Let’s all pray that God will make us fishers of men – every single Christian here, the youngest boy or girl, all of us men and women. “Make me a fisher of men, Lord.” This is God’s calling for every one of us. Let’s ask God to help us. Read a good book on the theology of evangelism, like J.I.Packer’s “Theology and the Sovereignty of God” (IVP), and a practical book on personal evangelism, like Will Metzger’s “Tell the Truth” (IVP). I find my own heart stirred by reading biographies of great Christian man-fishers like Whitefield, Spurgeon, and especially Wesley’s Veterans. But most of all it is love for the Lord Jesus Christ which stirs us up to speak a word for him. “More love for Thee! More love for Thee!” Let’s pray that prayer incessantly. Then there is a meeting to discuss further grass-roots evangelism in the next week or so. Come along and join with us in this fascinating enterprise of men-fishing.
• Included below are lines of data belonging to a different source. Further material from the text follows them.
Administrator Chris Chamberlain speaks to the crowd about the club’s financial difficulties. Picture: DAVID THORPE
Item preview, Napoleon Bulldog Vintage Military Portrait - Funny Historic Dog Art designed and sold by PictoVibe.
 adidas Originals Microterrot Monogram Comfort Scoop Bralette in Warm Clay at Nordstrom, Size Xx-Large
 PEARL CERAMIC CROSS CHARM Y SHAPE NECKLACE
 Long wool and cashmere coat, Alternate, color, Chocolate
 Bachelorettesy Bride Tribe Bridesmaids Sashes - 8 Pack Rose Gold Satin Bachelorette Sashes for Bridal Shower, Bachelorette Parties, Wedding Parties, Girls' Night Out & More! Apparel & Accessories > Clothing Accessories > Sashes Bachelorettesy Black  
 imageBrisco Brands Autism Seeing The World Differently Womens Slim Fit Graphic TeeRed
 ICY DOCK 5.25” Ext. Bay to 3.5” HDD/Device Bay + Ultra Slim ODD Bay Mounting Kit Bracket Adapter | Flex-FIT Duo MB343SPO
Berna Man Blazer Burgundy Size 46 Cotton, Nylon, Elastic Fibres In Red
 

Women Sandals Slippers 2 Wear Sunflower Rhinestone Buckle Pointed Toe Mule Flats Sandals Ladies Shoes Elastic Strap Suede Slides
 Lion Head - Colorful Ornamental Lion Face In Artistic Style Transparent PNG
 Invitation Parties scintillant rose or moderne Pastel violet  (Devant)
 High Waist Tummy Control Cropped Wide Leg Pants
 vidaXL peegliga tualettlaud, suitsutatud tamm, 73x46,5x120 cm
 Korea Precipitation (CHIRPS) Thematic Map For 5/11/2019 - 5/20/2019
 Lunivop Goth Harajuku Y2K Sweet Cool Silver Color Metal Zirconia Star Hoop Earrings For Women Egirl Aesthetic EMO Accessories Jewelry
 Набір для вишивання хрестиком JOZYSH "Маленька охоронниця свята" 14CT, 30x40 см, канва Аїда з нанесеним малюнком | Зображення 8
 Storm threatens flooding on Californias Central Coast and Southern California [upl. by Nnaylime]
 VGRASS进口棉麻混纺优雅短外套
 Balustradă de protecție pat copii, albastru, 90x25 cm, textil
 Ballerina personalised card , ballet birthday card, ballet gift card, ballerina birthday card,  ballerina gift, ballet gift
Let me say one thing more. We are too easily discouraged in our man fishing. It reminds me of going swimming in Cardigan Bay with my girls. They would always be in the water long before me and they would shout at me and cajole me to join them. “Come on Dad. Come on! The water is warm. It really is . . once you get used to it.” Jesus is telling Peter, Andrew, James and John that he will make the waters of evangelism warm, and the more they get used to it the greater will be their delight. In other words, there will scarcely be one occasion when they sought to fish for men when they would not be mightily blessed by the experience.

Let us serve the Lord in expectancy always. What are your expectations for the future? Consider Korea today and the great bursting nets, and parts of North and South America, and Zambia. It seems to me that one attitude shared by all God’s servants who have been used by him to draw in full nets has been a sense of expectancy. Think of our fathers’ certainties: Nehemiah Rogers said, “Christ’s performances outstrip his promises.” David Brainerd said, “Nothing is too hard for God to perform; nothing too great for me to expect from him.” William Carey famously said, “Attempt great things for God. Expect great things from God.” All such men were steadfast, unmovable, and always abounding in the work of the Lord. They knew full nets, and boats sinking under the blessing. We do not measure the grace of God by the statistics of our church growth in the past decade but by the power of his Kingdom.